S6 E23 - Text Complexity: It’s About So Much More Than Levels

Hi there, it's Jocelyn here, and today we're diving into a topic that is going to make it so much easier for you to make instructional decisions when choosing rich texts. We're talking today about text complexity, and trust me, it's way more nuanced than simply finding a text at a student's level.
Comprehension Instruction is Not a Checklist
For so many years, comprehension work was about teaching strategies, with the belief that once we're taught a strategy, students would apply it to any text. We now know that comprehension instruction is not a checklist of strategies we tick off. It's not about mechanically applying things like making connections and summarising and hoping for the best. Comprehension is built as we teach morphology, vocabulary, syntax, text structure, language features, and genre elements. When we read, we put all of this together to help not just get what the text is saying, but to look beyond the surface-level words and go to the deeper understandings.
More and more of us are becoming aware of the limitations of levelling for our text level work. We know that finding a level for the student and matching a book to them isn't the best way to go about building their reading skills. Research is consistently clear on that point. But other than use a complex text at grade level, there isn't much guidance out there to help us make important decisions about which text to use. This episode is going to give you some starting information to change that.
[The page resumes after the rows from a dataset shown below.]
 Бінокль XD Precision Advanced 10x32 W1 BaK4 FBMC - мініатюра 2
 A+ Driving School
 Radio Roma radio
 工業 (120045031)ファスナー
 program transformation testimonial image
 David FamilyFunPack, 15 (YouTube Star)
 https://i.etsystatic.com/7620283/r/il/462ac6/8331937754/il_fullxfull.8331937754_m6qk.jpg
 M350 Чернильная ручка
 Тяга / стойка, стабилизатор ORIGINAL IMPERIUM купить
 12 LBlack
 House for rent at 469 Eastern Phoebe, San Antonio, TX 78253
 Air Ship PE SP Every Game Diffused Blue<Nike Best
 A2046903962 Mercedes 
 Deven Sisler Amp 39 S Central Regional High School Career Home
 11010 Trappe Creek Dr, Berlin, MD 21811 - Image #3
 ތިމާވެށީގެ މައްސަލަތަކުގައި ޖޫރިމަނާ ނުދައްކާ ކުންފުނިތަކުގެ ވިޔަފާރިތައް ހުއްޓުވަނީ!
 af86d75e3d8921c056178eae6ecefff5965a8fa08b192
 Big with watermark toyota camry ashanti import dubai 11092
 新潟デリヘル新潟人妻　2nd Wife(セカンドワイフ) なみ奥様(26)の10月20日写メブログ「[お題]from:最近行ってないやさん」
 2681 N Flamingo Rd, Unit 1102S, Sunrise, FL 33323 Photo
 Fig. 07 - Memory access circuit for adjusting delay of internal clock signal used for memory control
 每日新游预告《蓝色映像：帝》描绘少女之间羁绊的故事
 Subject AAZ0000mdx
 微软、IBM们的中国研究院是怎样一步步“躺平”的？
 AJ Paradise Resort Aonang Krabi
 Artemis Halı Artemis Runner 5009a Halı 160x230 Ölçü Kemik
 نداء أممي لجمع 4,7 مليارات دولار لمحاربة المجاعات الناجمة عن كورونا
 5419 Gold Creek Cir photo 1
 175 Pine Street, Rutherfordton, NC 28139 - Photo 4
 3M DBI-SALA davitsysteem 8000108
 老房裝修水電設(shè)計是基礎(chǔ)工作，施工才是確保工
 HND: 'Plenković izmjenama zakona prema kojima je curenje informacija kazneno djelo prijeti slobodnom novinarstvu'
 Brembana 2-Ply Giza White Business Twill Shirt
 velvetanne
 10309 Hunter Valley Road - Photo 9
The Five Plagues of the Reader
You might be familiar with the idea of the five plagues of the reader from Reading Reconsidered. This is five ideas, five features of text that can make it tricky for kids to read. The five plagues are: archaic language, nonlinear time sequences, narrative complexity such as multiple perspectives, figurative and symbolic texts, and resistant texts. But today we're going to dig a little deeper and explore text complexity from a couple of different angles.
Two Things to Consider
Before we get to that, we need to chat about cognitive load, that mental energy that students expend when they're reading and they're learning. Managing cognitive load is not just about simple understanding, it's about finding the sweet spot of challenge that promotes learning without overwhelming working memory. A simple way to think of this is that we're looking for that Goldilocks spot. We want the learning to be not too easy and not too hard. We need it to be just right.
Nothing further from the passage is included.